Desde 2017, Moscou controla antenas e equipamentos de vigilância que instalou em várias bases no país. Somente os membros do serviço russo têm permissão para operar os equipamentos, enquanto os militares nicaraguenses estão limitados a proteger as áreas.
“Regimes como os da Nicarágua, Bolívia, Venezuela e Cuba são capitalizados por Moscou”, disse Fleischman. “Essas autocracias com recursos limitados aceitam qualquer apoio externo, seja da Rússia, da China ou do Irã, para se manterem no poder, praticamente entregando seus países e subordinando-se.”
Embaixadores digitais
Em 2021, Moscou lançou um programa de “embaixadores digitais” a partir dos seus consulados, para apoiar as empresas russas de sistemas de informação e instalar seus equipamentos de espionagem no exterior. Atualmente, esses adidos estão presentes em 16 países, incluindo Argentina, Brasil, Cuba e Peru, para “aumentar as exportações de tecnologia”, ressalta Farah.
De acordo com Farah, SearchInform, uma empresa russa de informática, tem acesso direto a bancos de dados da polícia e de ministérios em países como Argentina e Paraguai, além de subsidiárias no México e em outros países da região. Sua presença sugere um acesso considerável à infraestrutura cibernética do governo em cada país em que opera.
“Isso representa um risco real à segurança”, enfatizou Fleischman. “Na América Latina, os desafios para o Estado de Direito são profundos: o autoritarismo, a anarquia e a fraqueza institucional complicam a luta contra o crime organizado, um problema que afeta toda a região.”
Caso alarmante
A capacidade de espionagem e vigilância que as tecnologias russas oferecem representa um sério risco nas mãos de ditaduras.
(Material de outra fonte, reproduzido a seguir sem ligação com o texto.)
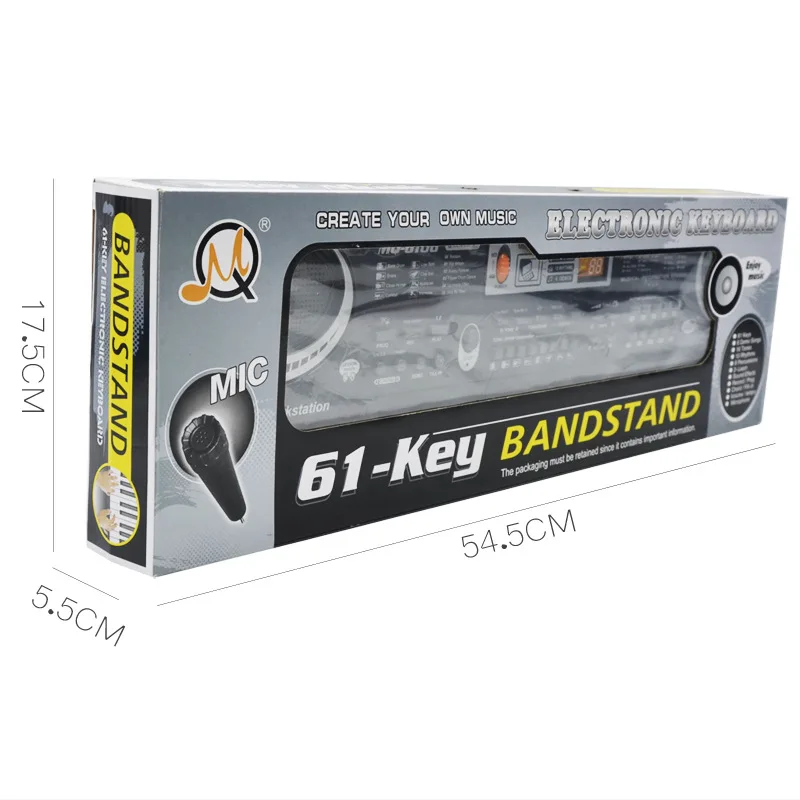 61-клавишная многофункциональная перезаряжаемая клавиатура пианино игрушка оптом музыкальный инструмент Детские для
Essas ferramentas possibilitam o monitoramento e a localização de pessoas com precisão sem precedentes, para poder detê-las. “As autocracias manipulam as leis para justificar esses atos de repressão”, declarou Fleischman.
“Um caso preocupante é o da Venezuela, onde adolescentes estão sendo detidos, sem nenhuma informação sobre seu paradeiro ou estado de vida, após as eleições de julho”, acrescentou. “Isso evoca um cenário orwelliano: hoje, a tecnologia russa permite aos Estados despóticos um controle absoluto e repressivo, superando o alcance da era soviética e aprofundando o fascismo a níveis sem precedentes.”
A influência da Rússia na América Latina está crescendo junto com uma aliança alarmante entre alguns regimes autoritários, cartéis mexicanos e grupos colombianos, destaca Farah em seu relatório. Essa relação não apenas enfraquece a democracia internamente, mas também os conecta com a China, a Coreia do Norte e o Irã, formando um bloco que desafia a democracia e a paz.
Para Fleischman, a sociedade civil não pode ser passiva diante dos desafios que a região enfrenta. “É hora de que os cidadãos tomem as rédeas e exijam ações concretas de seus governos.” As questões de interesse público, como a crescente influência da Rússia, devem ser objeto de um debate aberto e participativo. “A democracia não se limita ao ato de votar; ela exige uma cidadania ativa que monitore o poder e defenda seus direitos”, concluiu.